Phase I of the RFG program ran from 1995 through 1999, and more stringent Phase II RFG standards began in 2000. During the summer ozone season EPA's Phase II RFG regulations require a 29 percent reduction in VOC emissions from RFG in southern (class B) areas, and a 27.4 percent reduction in such emissions from RFG in northern (class C) areas (representing approximately an additional 10 percent reduction in VOC emissions beyond the Phase I requirements).

One significant way of reducing VOC emissions from RFG is to decrease the Reid Vapor Pressure (RVP) of the RFG during summer months. As a result, summer grade RFG has a significantly lower RVP than winter grade RFG. RVP is a measure of a gasoline's volatility, or the tendency for a gasoline to evaporate. As gasoline RVP increases, the tendency of the gasoline to emit volatile material also increases. Higher emissions of volatile material increase pollution. Therefore, gasoline RVP is permitted to be relatively high during colder months because colder temperatures reduce the tendency of gasoline to evaporate and reduce emissions of volatile material. During hotter months, refiners must reduce gasoline RVP by removing the most volatile portion of the gasoline in order to reduce evaporative emissions from the gasoline.

Each spring, refiners and importers must reduce the RVP of the gasoline that they produce or import in order to comply with federal summer emissions requirements, and refiners, gasoline terminal facilities and retail stations must replace high RVP winter grade RFG in storage tanks with lower RVP summer grade RFG. EPA regulations stipulate that gasoline retailers must be selling only summer grade RFG by June 1 of each year. In order to meet the June 1 compliance date, EPA regulations stipulate that by May 1 the RFG at terminals and all other facilities upstream of the retailer must meet the summertime RFG requirements. Refineries typically begin producing lower RVP RFG in March or April in order for terminals to meet the May 1 compliance date.

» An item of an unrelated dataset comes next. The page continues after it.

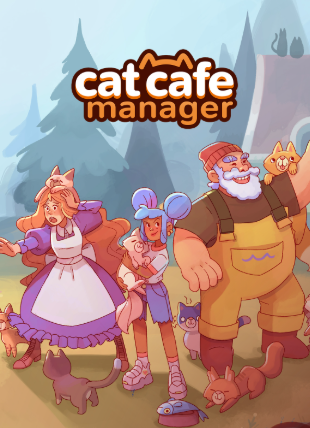 Pochette Cat Cafe Manager version Switch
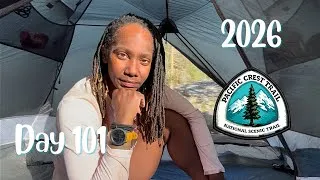 Thumbnail: I AIN’T No Influencer! | Day 101 | 2026 PCT Thru-Hike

Storage terminals use different methods for meeting the applicable compliance dates. Some terminals completely convert their tanks from high to low RVP gasoline by starting to blend summer gasoline into the terminal tank prior to May 1, so that by May 1 the gasoline in the terminal tank meets summer specifications—the “blend down” method. Alternatively, some terminals draw down their inventory of winter gasoline by continuing to make deliveries of winter gasoline, but not replacing it. When the tank is sufficiently low, the terminal begins accepting summer gasoline in order to meet the May 1 compliance date. This method is called the “draw down” method.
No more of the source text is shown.